The deposition of Samuel D. Lucas was read on the part of the plaintiff. He stated that he heard Townsley assure the plaintiff that the drafts of Waters to the amount of $4,000, which Waters proposed to let the plaintiff have, to be drawn by Waters on the house of Thomas F. Townsley & Co. of New Orleans, at 120 days after date, should be paid. The plaintiff consented to take the drafts with considerable reluctance, for fear of accident, upon which Townsley assured him the drafts should be honored, whether the produce to be shipped by Waters arrived or not. Upon the faith of Townsley's accepting for Waters, the bills were received, and the plaintiff advanced large quantities of merchandise and other articles.
The plaintiff prayed the following instruction to the jury, which was given, and to which the defendant excepted:
"That if it shall believe from the evidence in this case that the defendant Townsley promised for himself and company to Sumrall that they would honor, accept, or pay bills drawn on them by Waters to the amount of $4,000, and that Sumrall did immediately thereafter, or within a reasonable time, upon the credit of said promise, purchase bills drawn by Waters accordingly to the amount of $4,000, and that the bill in the
declaration mentioned, is one of the bills so purchased; then that the plaintiff upon the evidence is entitled to recover, whether the purchase was made before or after the drawing of said bills, or whether they were drawn for a preexisting debt or drawn and sold for any other good and valuable consideration."
The defendant then asked the court to instruct the jury:
"1. That if it believe from the evidence that the defendant by parol stated that he would accept a bill or bills to the amount of $4,000 before the bills were drawn and before the defendant had received the amount or any part of it under the expectation and belief that the drawer Richard S. Waters would put funds into his hands to take up the bills at maturity, and that the plaintiff knew that the said Richard had no funds, but made the promise in anticipation of such funds, and that no funds to take up the bill were placed in the hands of the defendants or either of them, to take up the bill, nor had the drawer any funds in the hands of the drawee to draw upon; that it should find for the defendant provided the jury further find that the plaintiff and R. S. Waters, the drawer, were partners in trade, and as such were indebted on their partnership account to Toland & Rockhill, and that the bill was drawn by the said Waters in favor of the plaintiff with a view to raise funds or to be passed in direct payment of a joint debt due as aforesaid, and that the said bill, with this object and view and in pursuance of an agreement between drawer and plaintiff, was passed to the credit of the drawer and plaintiff to Toland & Rockhill."
"2. That if it believed the said bill was drawn to pay a partnership debt as stated by R. S. Waters, it ought to find for the defendants."

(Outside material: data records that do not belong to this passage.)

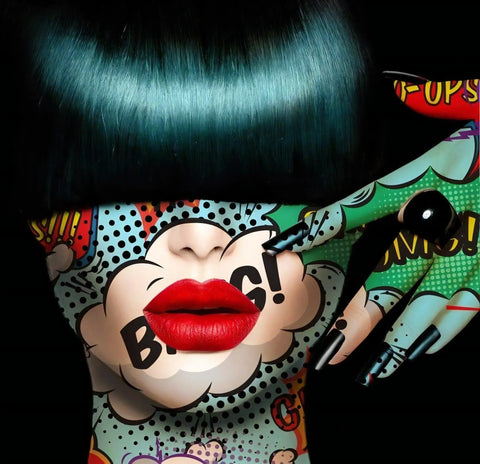 A woman with green hair and a black wig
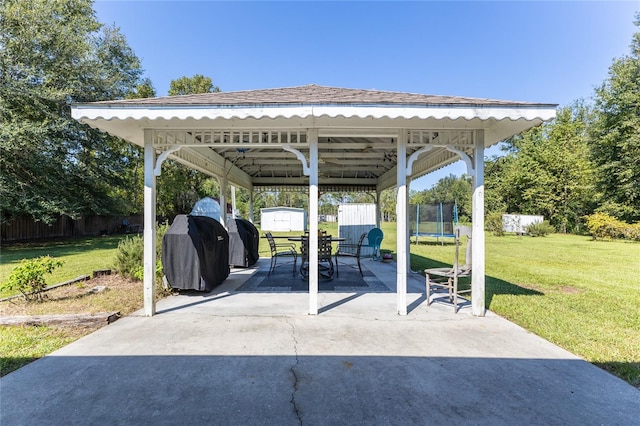 view of patio with grilling area, a gazebo, and a trampoline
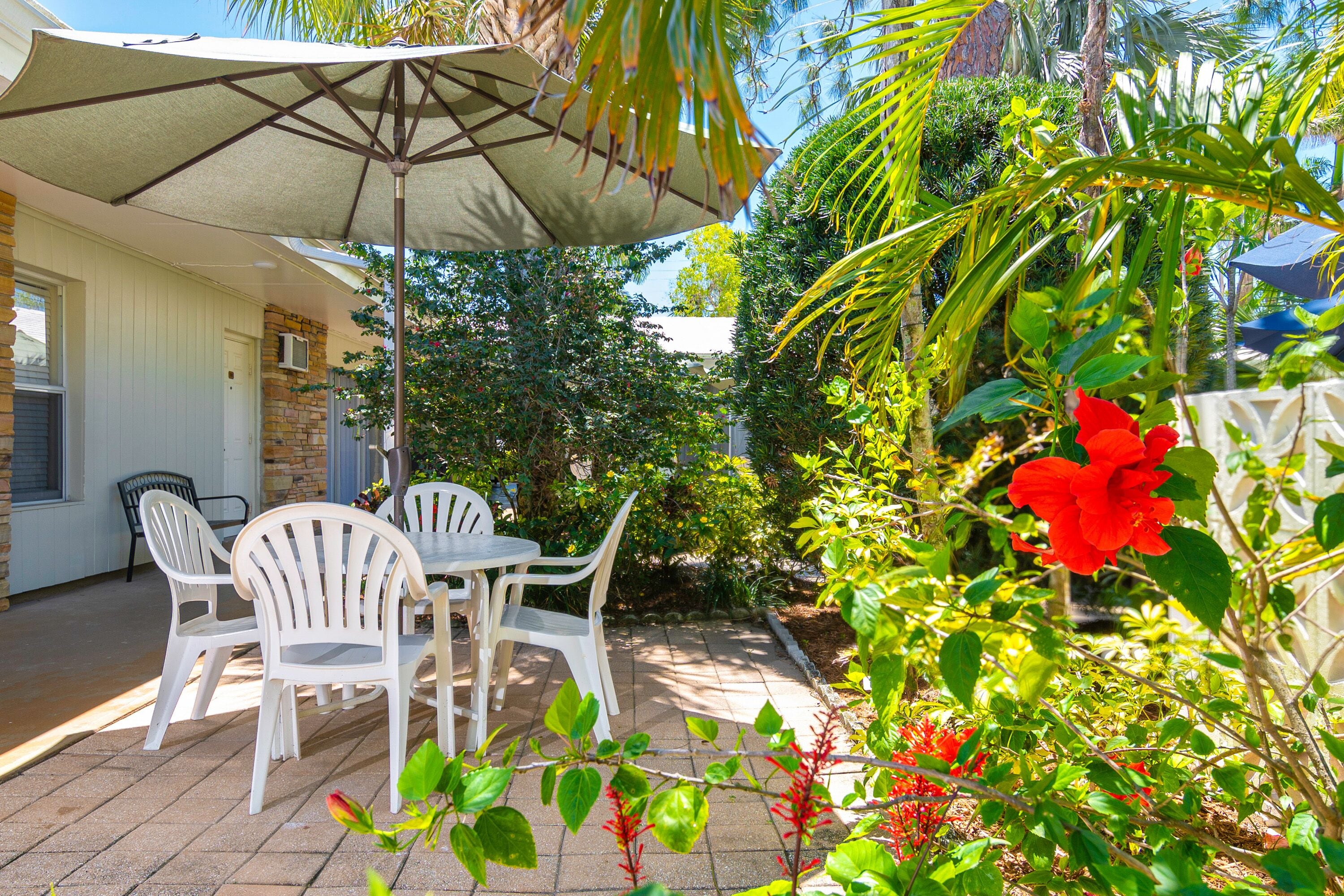 A patio with a table and chairs, surrounded by lush greenery and a red flower.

"3. That if it believed the bill was drawn by Waters in favor of Sumrall, to be assigned to Toland & Rockhill, in payment of a partnership debt due by Waters & Sumrall to Toland & Rockhill, and that said bill was thus assigned to Toland & Rockhill, and if it also believed that said Waters & Sumrall had not settled their partnership, that then it should find for the defendant."

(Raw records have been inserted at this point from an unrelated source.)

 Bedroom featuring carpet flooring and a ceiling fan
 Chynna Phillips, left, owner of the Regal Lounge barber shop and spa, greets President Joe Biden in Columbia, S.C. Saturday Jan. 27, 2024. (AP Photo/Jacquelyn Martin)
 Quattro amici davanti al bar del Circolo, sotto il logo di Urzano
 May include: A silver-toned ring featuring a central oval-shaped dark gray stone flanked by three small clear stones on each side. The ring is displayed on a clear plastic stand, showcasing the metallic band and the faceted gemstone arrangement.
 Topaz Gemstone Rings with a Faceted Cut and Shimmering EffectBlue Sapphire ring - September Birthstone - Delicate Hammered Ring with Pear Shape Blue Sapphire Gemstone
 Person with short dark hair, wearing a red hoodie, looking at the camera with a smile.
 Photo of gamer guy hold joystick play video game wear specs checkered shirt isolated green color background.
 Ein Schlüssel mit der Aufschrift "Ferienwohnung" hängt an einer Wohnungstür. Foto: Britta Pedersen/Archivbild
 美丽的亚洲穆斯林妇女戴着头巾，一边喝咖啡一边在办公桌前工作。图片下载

"4. That if it believe from the evidence that the drawer,
Richard S. Waters, was informed by Townsley, before he drew the bills offered in evidence, that he might draw for $4,000, and that he would accept and take up $2,000, whether he, the said Waters, got on in time to take it up or not, and that he would accept and take up the other bill if funds were placed or forwarded to the house in New Orleans to take it up with, and that when the said Richard S. Waters drew the bills, that he hesitated for fear he could not get to New Orleans in time with the means to take up both bills until it was agreed between Sumrall and him that they would risk both bills, and if Waters was not able to take up both at maturity, that as to the one Townsley would not accept, he, Sumrall, would assist the said Waters with funds to take it up with at maturity, and that Sumrall did at the time of drawing the bills as aforesaid state to Waters that Townsley promised him that he would accept one of the bills unconditionally and the other if in funds, and that Townsley & Co. did accept and pay at maturity one of the bills, and had not funds of Waters or of the plaintiff to pay the other at maturity, that it ought to find for the defendant."

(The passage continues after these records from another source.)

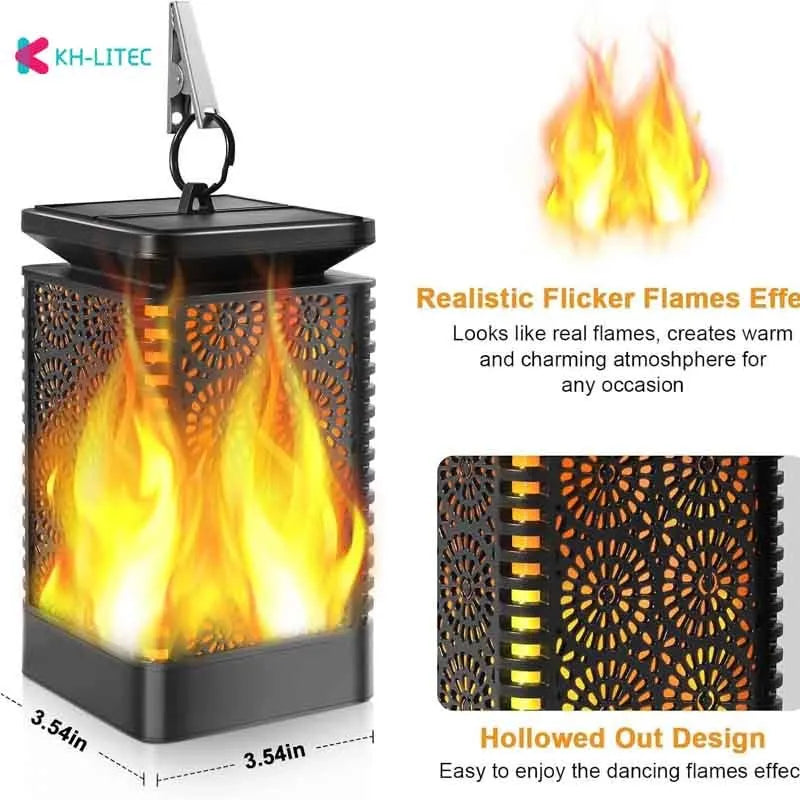 Set of four black solar-powered flame effect LED lanterns for outdoor garden decoration.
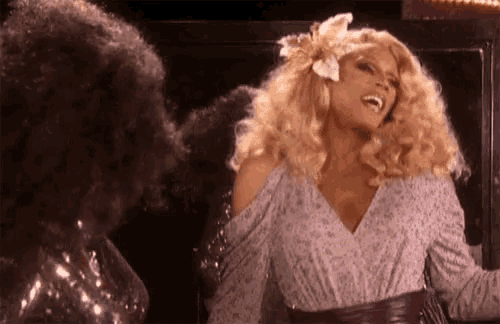 a woman with blonde hair and a flower in her hair is standing next to a woman with afro hair .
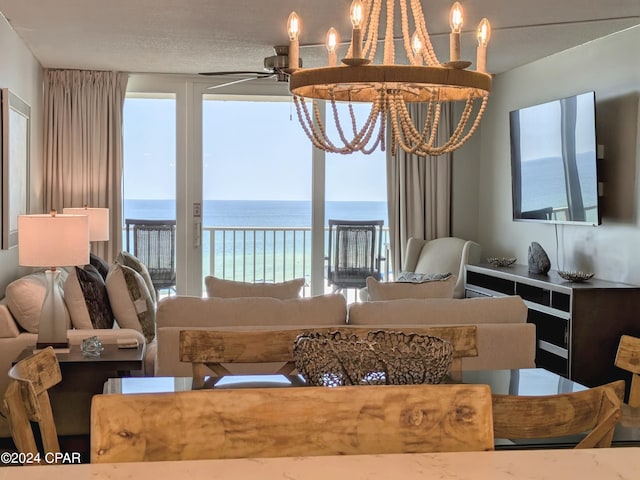 living room featuring ceiling fan with notable chandelier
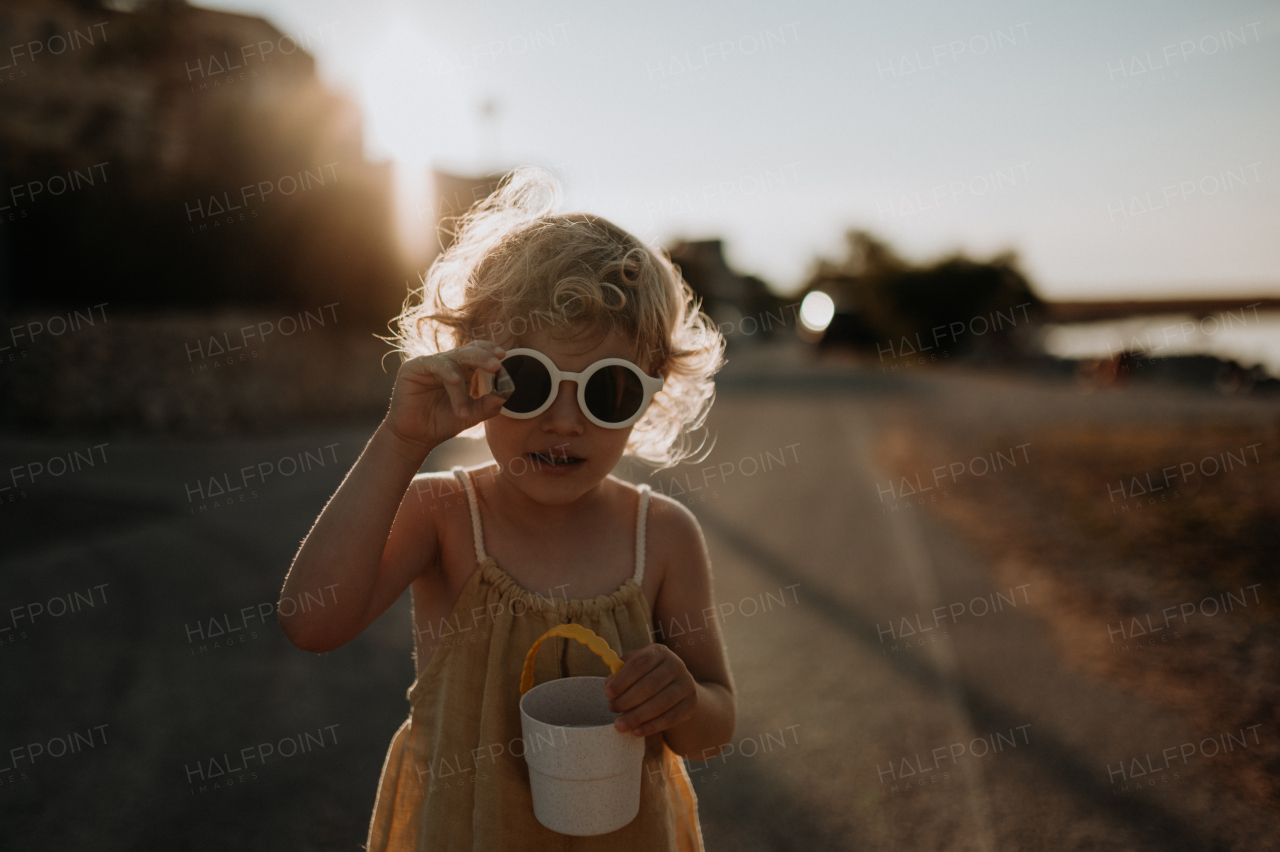 Portrait of blonde girl in summer outfit and sunglasses on walk during summer vacation, concept of beach holiday.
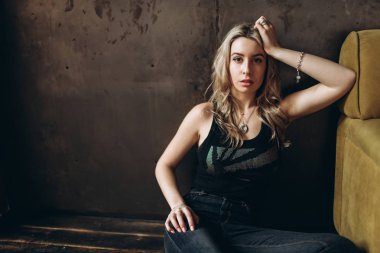 Bir güzel moda kadın, Sarışın, kot pantolon, kahverengi arka plan portresi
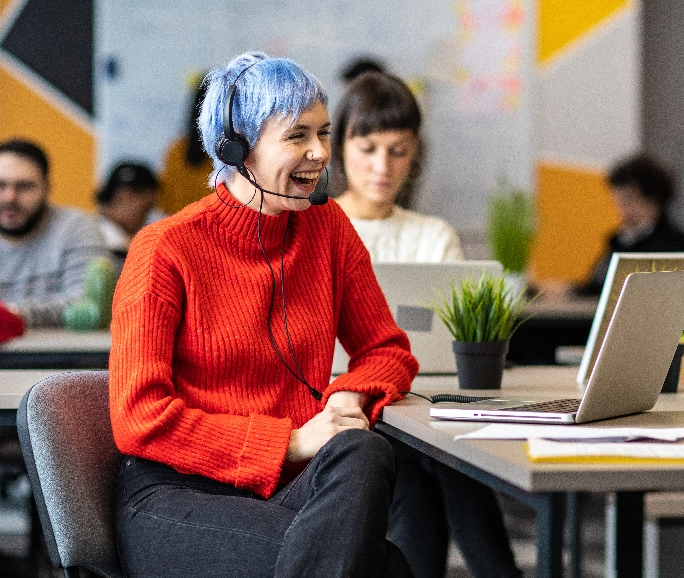 Woman with blue hair and red sweater laughing in front of a computer and wearing a headset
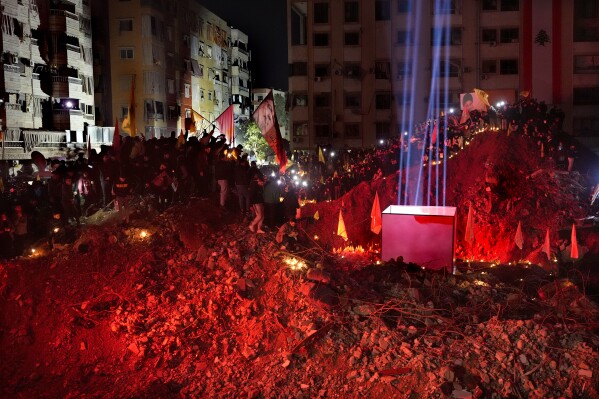 People gather at the site where former Hezbollah leader Sayyed Hassan Nasrallah was killed by Israeli airstrikes late September during a memorial ceremony in Dahiyeh, in the southern suburb of Beirut, Lebanon, Saturday, Nov. 30, 2024. (AP Photo/Hussein Malla)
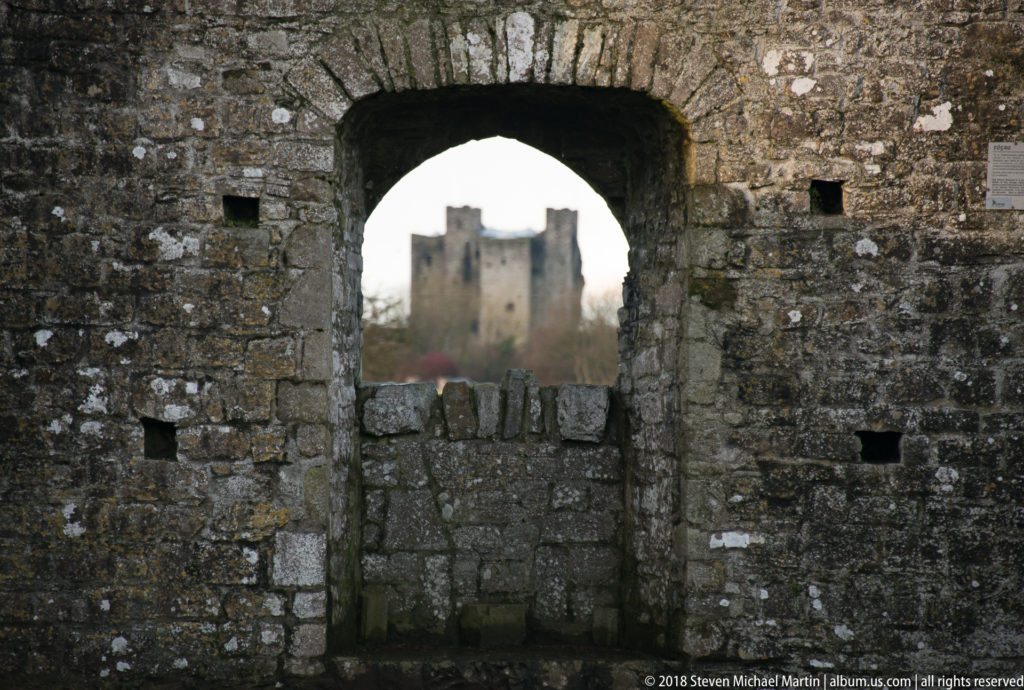Distant Trim Castle keep framed through a large rectangular opening in a dark weathered stone wall.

"5. That a demand of the amount of said bill at New Orleans was necessary to enable the plaintiff to maintain the suit, and that the protest of the notary is not evidence of such demand."
"6. That a parol promise to pay a nonexisting bill, since the statute of frauds, is not obligatory and binding."
To all which opinions of the court -- 1. in permitting plaintiff to read said protest; 2. in refusing defendant leave to read said record; 3. in giving the instructions asked by plaintiff; 4. in refusing the instructions asked by defendant -- the defendant excepted.
The first question that arises is upon the admissibility of the protest of the notary public at New Orleans as proof of the dishonor of the bill. The protest is for nonpayment for want of funds, and it does not appear that there had been any prior protest for nonacceptance. Bills of exchange payable at a given time after date need not be presented
for acceptance at all; and payment may at once be demanded at their maturity. The objection now made does not turn upon this point, but upon the point that the present is not a foreign but an inland bill of exchange, being drawn in Kentucky and payable at New Orleans in Louisiana, and that a notarial protest is not in such cases evidence of a demand and refusal of payment. We do not think it necessary in this case to decide whether a bill drawn in one state upon persons resident in another state within the union is to be deemed a foreign or an inland bill of exchange. Foreign it certainly is not if by such appellation is understood a bill drawn upon country under a totally distinct and independent sovereignty and allegiance. Inland it is not if by that appellation is understood a bill drawn in one part of a territory on another part exclusively under the same municipal laws and exclusively governed by the same sovereign power. It would seem to constitute an intermediate case. Different tribunals in the United States of great respectability have, however, differed upon the question, and it may all be left for a final decision until it constitutes the very turning point of the judgment. [Footnote 1]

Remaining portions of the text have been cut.